I don't quite understand why this is still a thing? Back when I was in school in the late 2000s, phones were banned. Couldn't even bring it out even if you were going to use it as a calculator. Immediate 3 hour detection if you were seen with one. I got one for calling my mother to pick me up because I needed to go to the doctor.
I don't understand how between now and then, the rules seemed to lax.
You haven't really spent any time near a school system have you? I don't even refer to them as parental units anymore, they are just banshees. These awful horrible screaming demons that want you to raise their kid but also never discipline them.
Nope I have not. I don't have kids. I have heard your comment said by many other teachers around too. I don't understand how it got to be like this. If people really don't want the responsibility, time, money, emotional and physical investments of raising kids, they shouldn't be having them.

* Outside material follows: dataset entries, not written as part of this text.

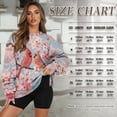thumbnail image 5 of Xoenoiee Cardinal Cherry Blossom Print Sweatshirt for Women Long Sleeve Crewneck Sweatshirt Women Causal Loose Fit Pullover Tunic Top Fall Clothes Shirts, Size S, 5 of 7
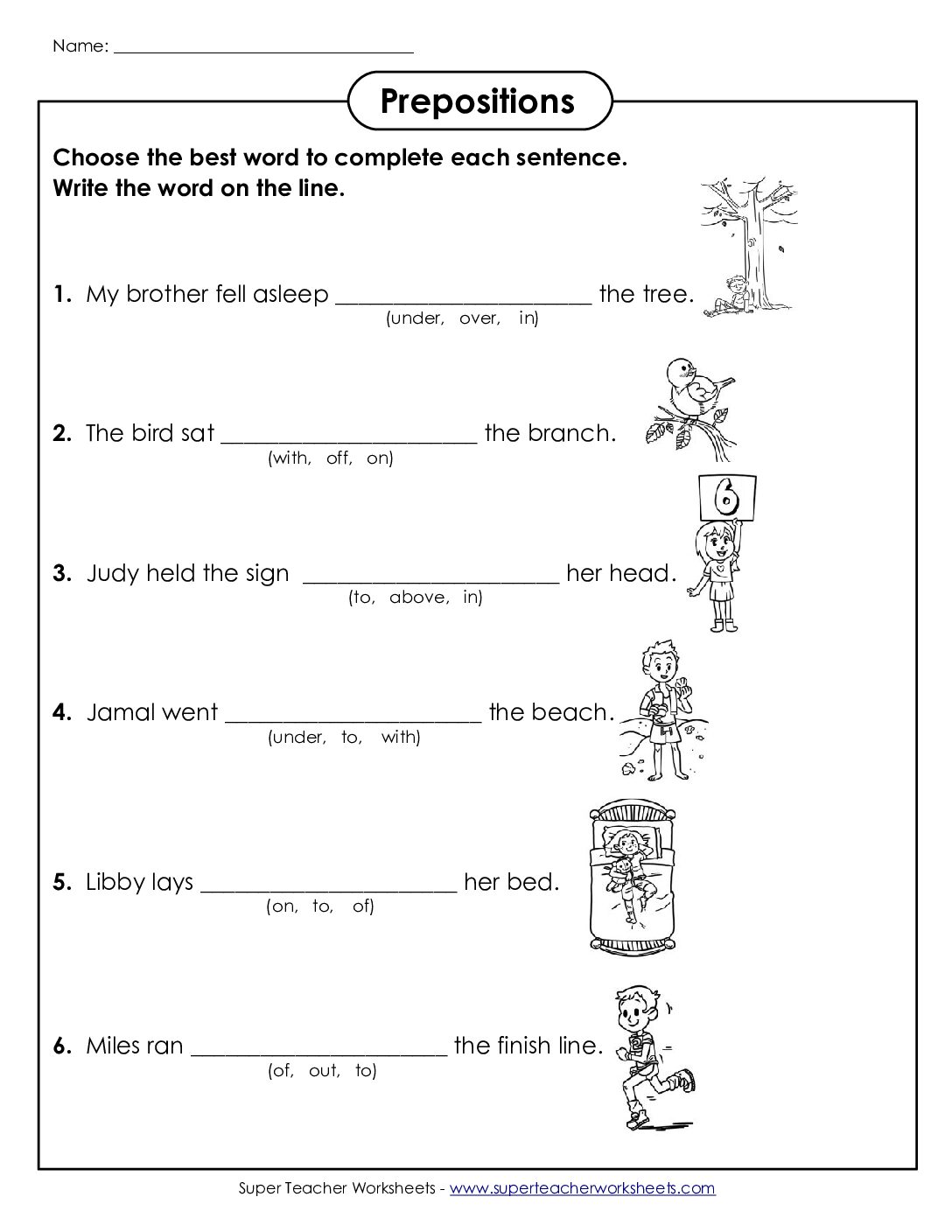 Prepositions Basic Wbztw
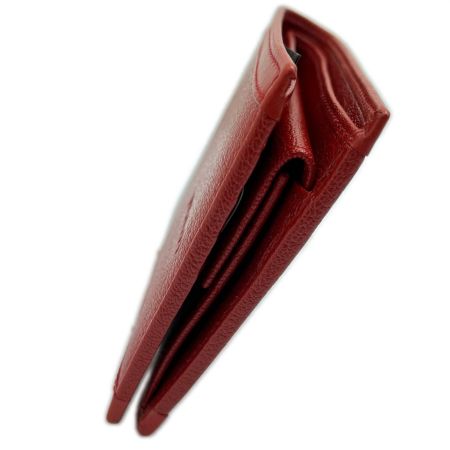  BVLGARI ブルガリ 2つ折り財布 ゴートレザー 箱付 25297 RED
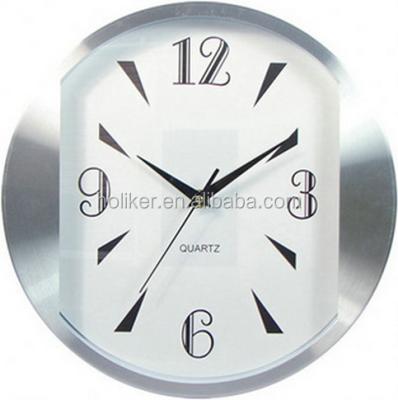 China Custom Antique Style OEM Logo Clock Metal Clock With Special Frame for sale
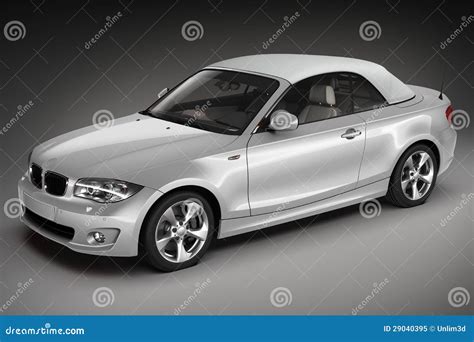 Sports car. 3d render stock illustration. Illustration of automobile ...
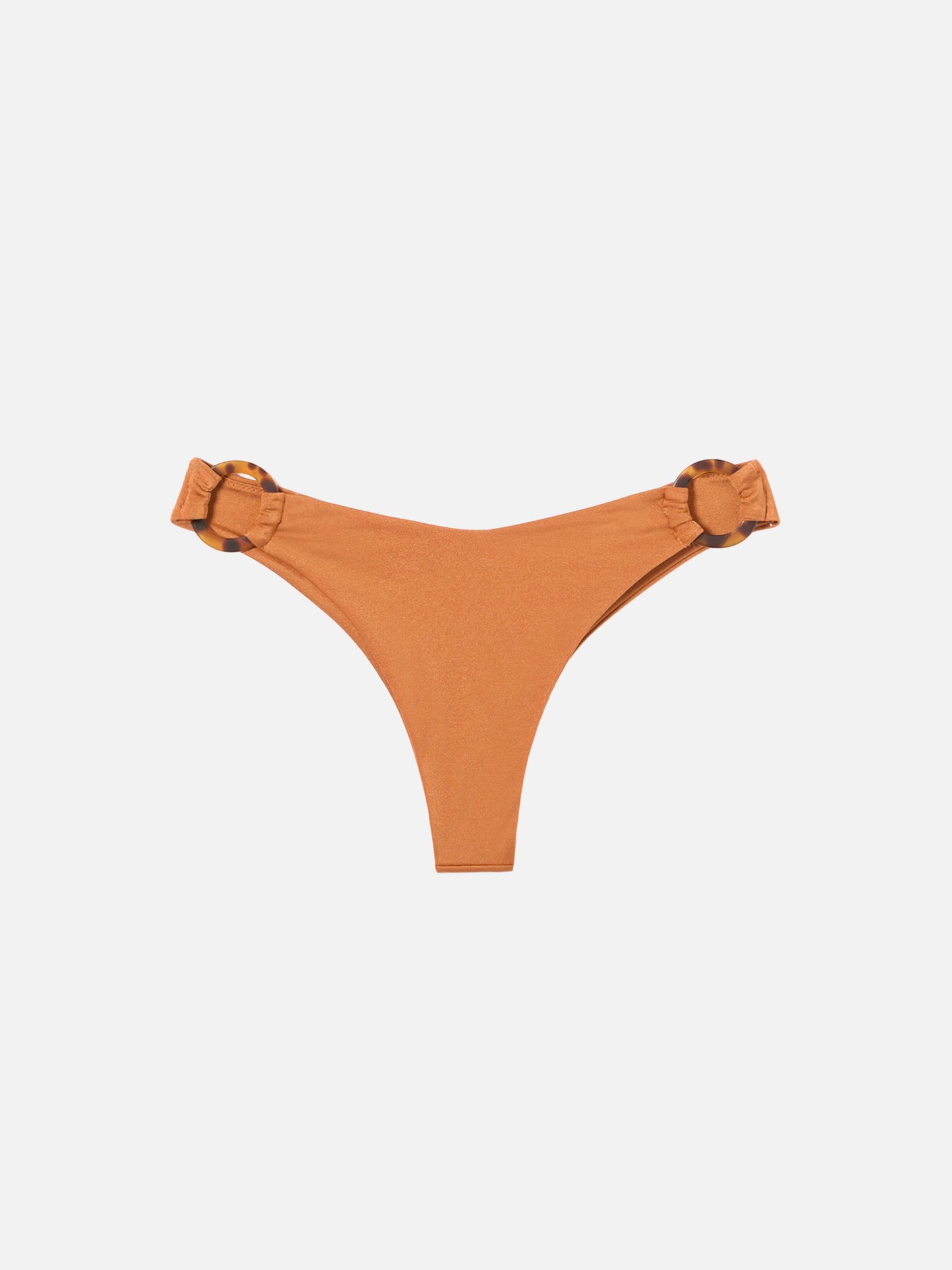 Cheeky swim briefs Evelyn in ochre yellow with loops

I got in trouble for trying to use a payphone to call my mother to pick me up on a day when they cancelled school after it started due to worsening ice conditions. I didn't have permission to use the phone and my teacher got on my ass.
They have been banned for over a year where I live. I guess the people pushing back against this policy are just completely ignorant of the issue. Smartphones are incredibly addicting by design and, aside from the academic problem, exposing developing brains to such devices 24/7 is just a really bad idea. Having a space where children and their peers can be smartphone-free for several hours a day, several days a a week, should be seen as a positive thing.
Nothing you said changes the fact that smartphones are designed to be addictive and that many people, particularly children, are addicted to them. Designers literally use the same techniques as casinos to develop addictive behaviours in the user.
Before phones, students were distracted by fidget toys, tamagochi, bubble gum, various collectibles, comic books, ordinary books, paper notes, drawing, pen twitching, etc.etc.
Students always find ways to get distracted. Take away everything and they'll still be rocking on the chair.
So if the purpose of banning distractions is to make students more attentive, well.. it's just not going to do that.
Then there is online bullying. Has bullying actually increased or are we just seeing it more, because it's now documented?
Banning phones in school won't stop it from happening outside school hours anyway.
I'm not advocating for allowing phones in schools during lectures or anything, but it's pretty clear to me that an outright ban is an outdated solution that will only hide the issues instead of solving them.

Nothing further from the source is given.